Browse by Year

A New Paradigm for Computer Vision Based on Compositional Representation

December 11, 2020


AbstractDeep convolutional neural networks - the state-of-the-art technique in artificial intelligence for computer vision - achieve notable success rates at simple classification tasks, but are fundamentally lacking when it comes to representation.

These neural networks encode fuzzy textural patterns into vast matrices of numbers which lack the semantically structured nature of human representations (e.g. "a table is a flat horizontal surface supported by an arrangement of identical legs").

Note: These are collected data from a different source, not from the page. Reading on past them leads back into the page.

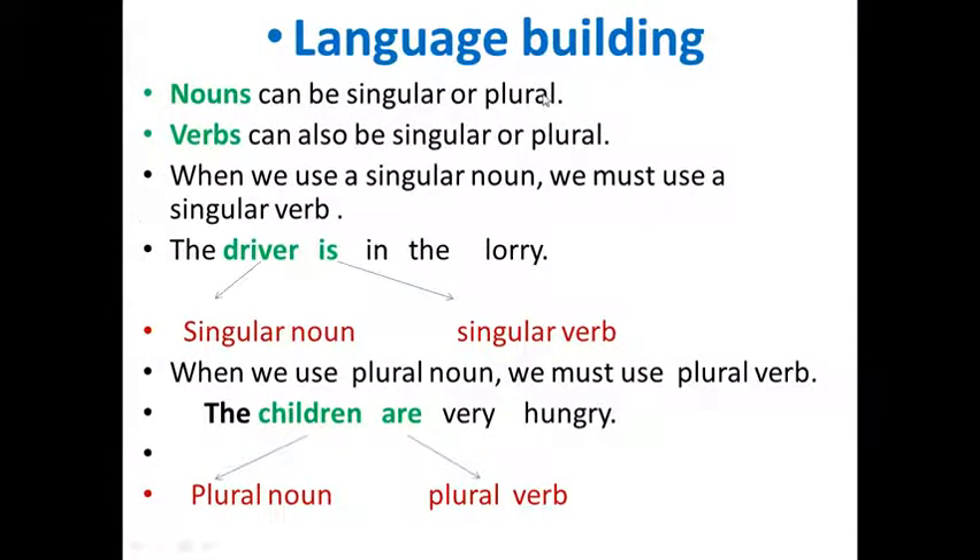Let's move to another part. It's about nouns and verbs. Nouns can be singular or plural, and verbs can also be singular or plural. When we use a singular noun, we must use a singular verb. For example: the driver is in the lorry — singular noun, singular verb.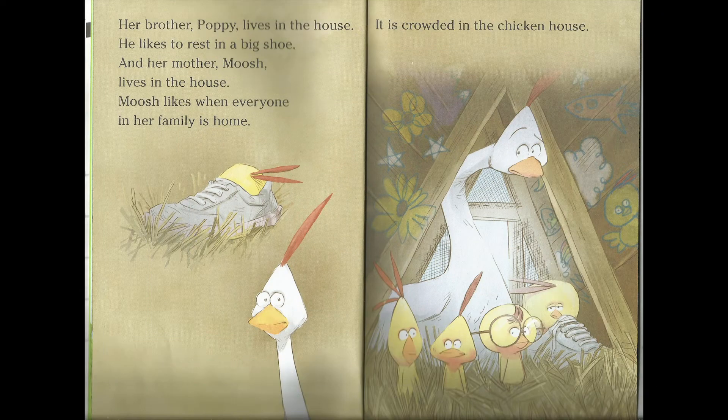Her brother Puppie lives in the house. He likes to rest in a big shoe. And her mother Moosh lives in the house. Moosh likes when everyone in her family is home. It is crowded in the chicken house.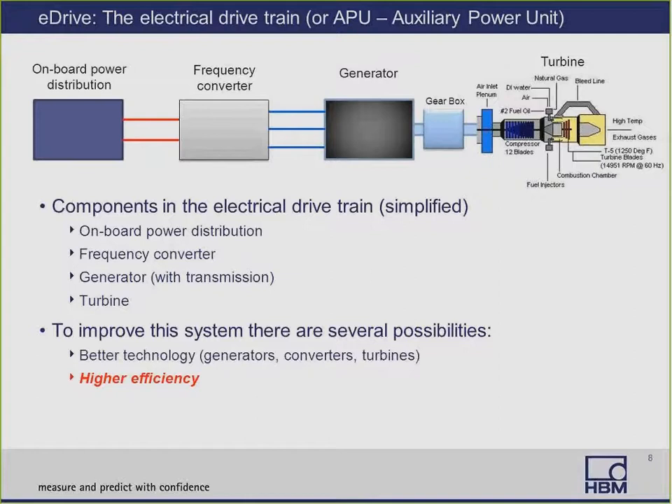Here's a simplified example of an electrical drivetrain for an aircraft — it's an auxiliary power unit, very similar to the automobile drivetrain, except the drive is in the opposite direction. Starting from the right, you have the turbine followed by the generator, then the frequency converter, and then the power distribution. To improve and optimize the system, you need better technology generators, converters, and turbines. However, higher efficiency is also a significant solution — actually measuring the efficiency can help improve many of the drivetrain components, and they are interconnected.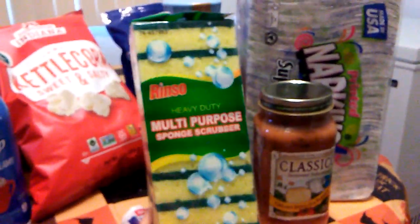We needed some sponges. This is by the brand Rinso, multi-purpose, and there are 10. I like these because anytime one gets grimy I just toss it and grab another one. Ten for 99 cents — you can't go wrong with that.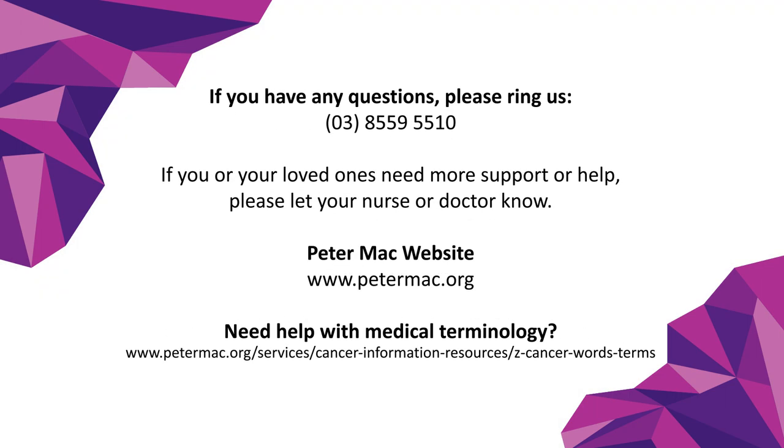Please call us on the number provided if you have any questions. For more information, visit the provided links.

This paper takes multiple important steps towards filling in these gaps. I first propose a series of tractable milestone problems set in the abstract two dimensional ShapeWorld, thus isolating the challenge of object compositionality. Then I demonstrate the effectiveness of a new compositional representation approach based on identifying structure among the primitive elements comprising an image and representing this structure through an augmented primitive element tree and coincidence list. My approach outperforms state-of-the-art benchmark algorithms in speed and structural representation in my object representation milestone tasks, while yielding comparable classification accuracy. Finally, I present a mathematical framework for a probabilistic programming approach that can learn highly structured generative stochastic representations of compositional objects from just a handful of examples.

Keywords – Deep convolutional neural networks, state-of-the-art benchmark algorithms, two dimensional ShapeWorld, compositional objects



[1] A. Krizhevsky, I. Sutskever, and G. E. Hinton. Imagenet classification with deep convolutional neural networks. In F. Pereira, C. J. C. Burges, L. Bottou, and K. Q. Weinberger, editors, Advances in Neural Information Processing Systems 25, pages 1097–1105. Curran Associates, Inc., 2012.
[2] H. Wang, B. Gao, J. Bian, F. Tian, and T. Liu. Solving verbal comprehension questions in IQ test by knowledge-powered word embedding. CoRR, abs/1505.07909, 2015.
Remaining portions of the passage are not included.